Customize the placeholder text of your questions to prevent confusion and set expectations about the format and length of answers. This can speed up answering a form and improve completion rates.

You can use placeholder text to prevent submission errors by clarifying expectations about formatting, for example, by showing examples of character case and structure. You can also provide contextual help for your respondents in long-form questions to decrease cognitive load or prevent writer’s block.

Placeholder text customization works on the question level, so you can customize the placeholder text of each supported question separately in your form.

The supported question types for placeholder text customization are the following:

  • Short text
  • Long text
  • Number
  • Email
  • Website
  • Dropdown
  • Clarify with AI
  • FAQ with AI
  • Video and Audio (when Text is selected)

To customize the placeholder text of your questions:

  1. Open up an existing form or create a new one and click + Add content.

  1. Select a supported question type from the list.

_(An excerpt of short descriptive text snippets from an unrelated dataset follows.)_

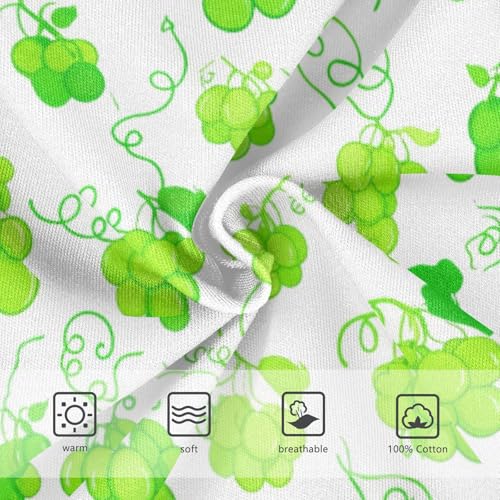 Fruit Grape Toddler Boy's Underwear 2T 23022083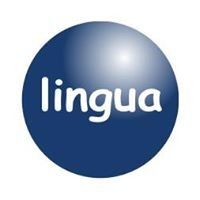 Lingua. Лингва. Лингва картинка. Стул Лингва. Лингва Бишкек.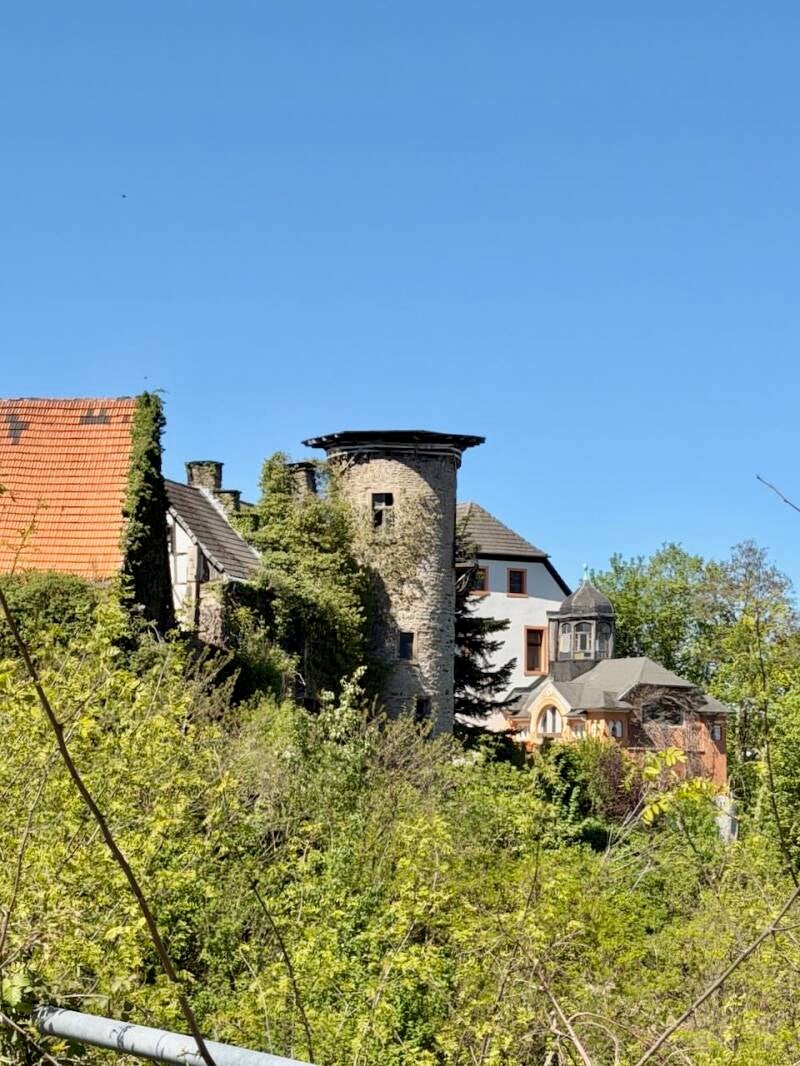 burg-1-standard.jpg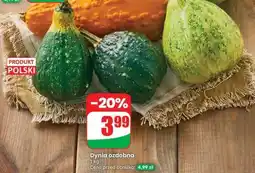 Dino Dynia ozdobna oferta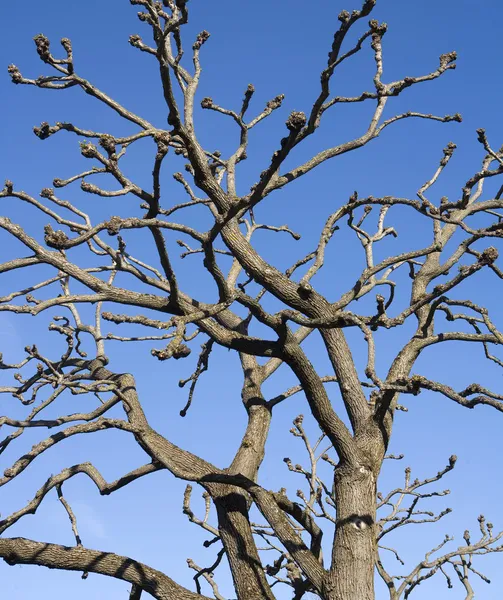 Ramuri de copaci — Fotografie, imagine de stoc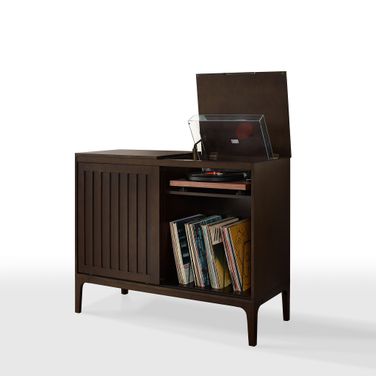 Asher Record Storage Media Console In Dark Brown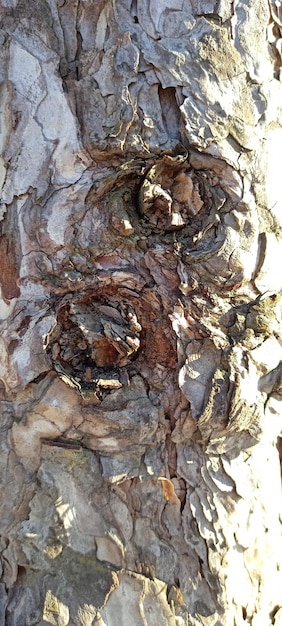 Foto natural de fondo de textura de árbol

  1. Write your question, and optionally, add a description.

  1. Toggle the Custom placeholder text switch and type your placeholder in the text field below the toggle. The text you’ve typed will instantly appear in the placeholder field of your question.

The Address and Contact Info question types don’t support customized placeholder text fields by default, however, you can easily move your questions asking for address or contact information into a Multi-Question Page to start customizing your placeholder text.

In the example below, we’ve added some Short text questions to a Multi-Question Page asking for people’s address, and we’ve customized the placeholder text to give them guidance on what a properly formatted UK address should look like.

If you’re using the placeholder text field to provide information about the correct answer format, you can also toggle the Answer validation switch to add validation criteria with regular expressions (regex).

In the example below, we’ve added a validation pattern that will only allow people to enter 6-12 characters, uppercase letters, and numbers in the text field. We’ve also added an example of what a correctly formatted coupon code would look like in the placeholder text field.

Note that in the published form, the placeholder text will disappear as soon as your respondent starts typing their answer in the text field…

…so make sure you don’t add your question, description, or any other information that needs to be visible while completing the form as your placeholder text.

Accessibility reminder: placeholder text can’t meet color-contrast requirements, so make sure to never place key information in a placeholder text field.

The custom placeholder text you’ve added to your questions will be translated with the rest of the form if you have the Translations feature enabled. Translations for placeholder text will be generated automatically, and you’ll be able to edit translations manually, just like the rest of your form content.